Theorem 4. The Lagrange function \(L(u; v)\) has a saddle point (equilibrium situation) if and only if the original convex programming problem and the problem dual to it by virtue of the Lagrange function are solvable and have equal optimal values (cf. \((3,6)\)).

A complete proof of the results presented is given in (⁷).

CITED LITERATURE

¹ S. Karlin, Mathematical Methods in Game Theory, Programming, and Economics, Moscow, 1964.
² L. V. Kantorovich, G. P. Akilov, Functional Analysis in Normed Spaces, Moscow, 1959.
³ H. W. Kuhn, A. W. Tucker, Proc.
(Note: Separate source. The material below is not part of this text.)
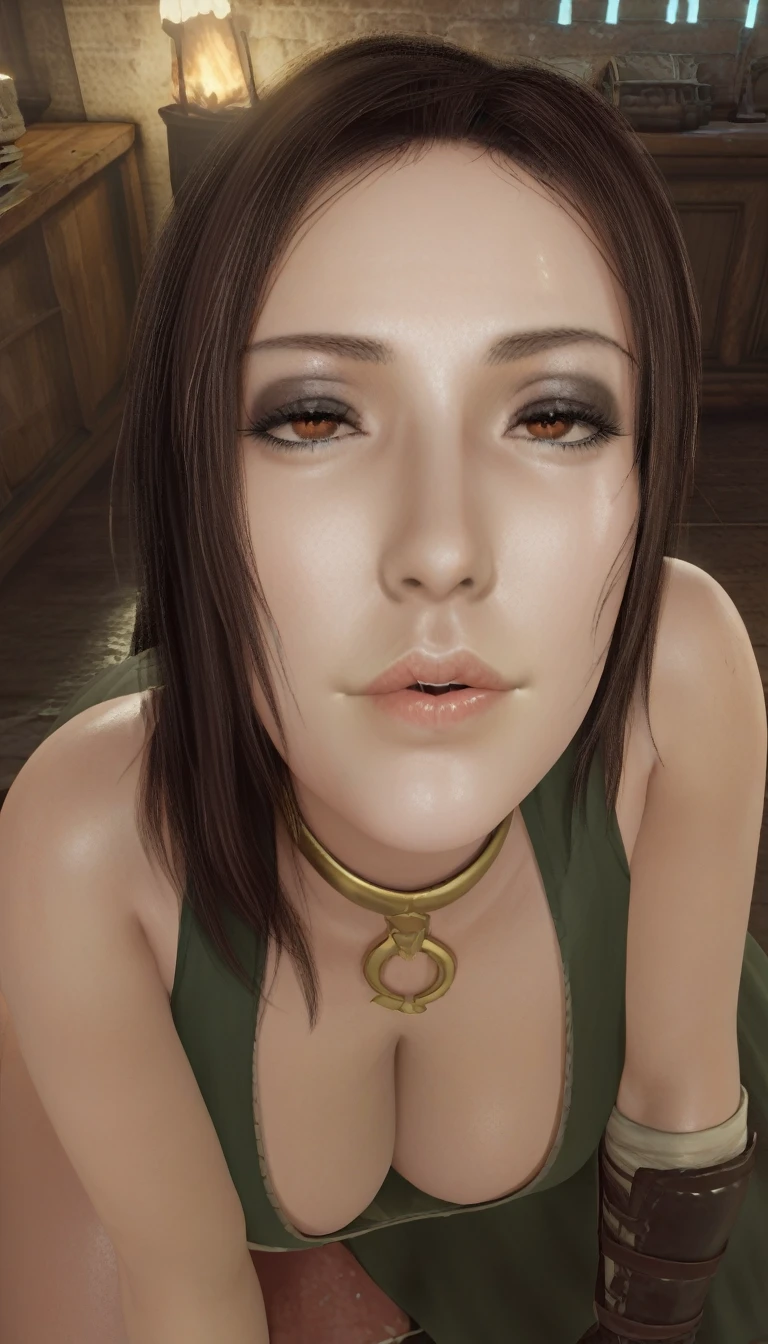 masterpiece, highest quality, highest resolution, distinct_image, detailed details) , 1 girl , 20's , young person , ( large breasts and large hips ), (attractive body, attractive face and attractive expressions and attractive eyes and attractive lips ) , ( soft hair and soft skin ) , one black mole on left eye , soft lips , black eyeshadow , black makeup ,  brown eyes , brown hair ,black lips , black fingernails , attractive women , attractive girl , big bright eyes , gold ring , ring , on campfire   , dark souls 2 , emerald herald  , fingerless gloves , slave collar  , slave bracelet with chains ,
II Berkeley Symposium on Mathematical Statistics and Probability, 1951, p. 481.
⁴ V. N. Lebedev, N. T. Tynianskii, DAN, 174, No. 6 (1967).
⁵ W. Fenshel, Canad. J. Math., 1, 73 (1949).
⁶ I. J. Arrow, A. Hurwicz, H. Uzawa, Studies in Linear and Nonlinear Programming, Moscow, 1962.
⁷ N. T. Tynianskii, Fundamentals of the Theory of Duality of Nonlinear Programming Problems and Differential Games, Moscow, 1968.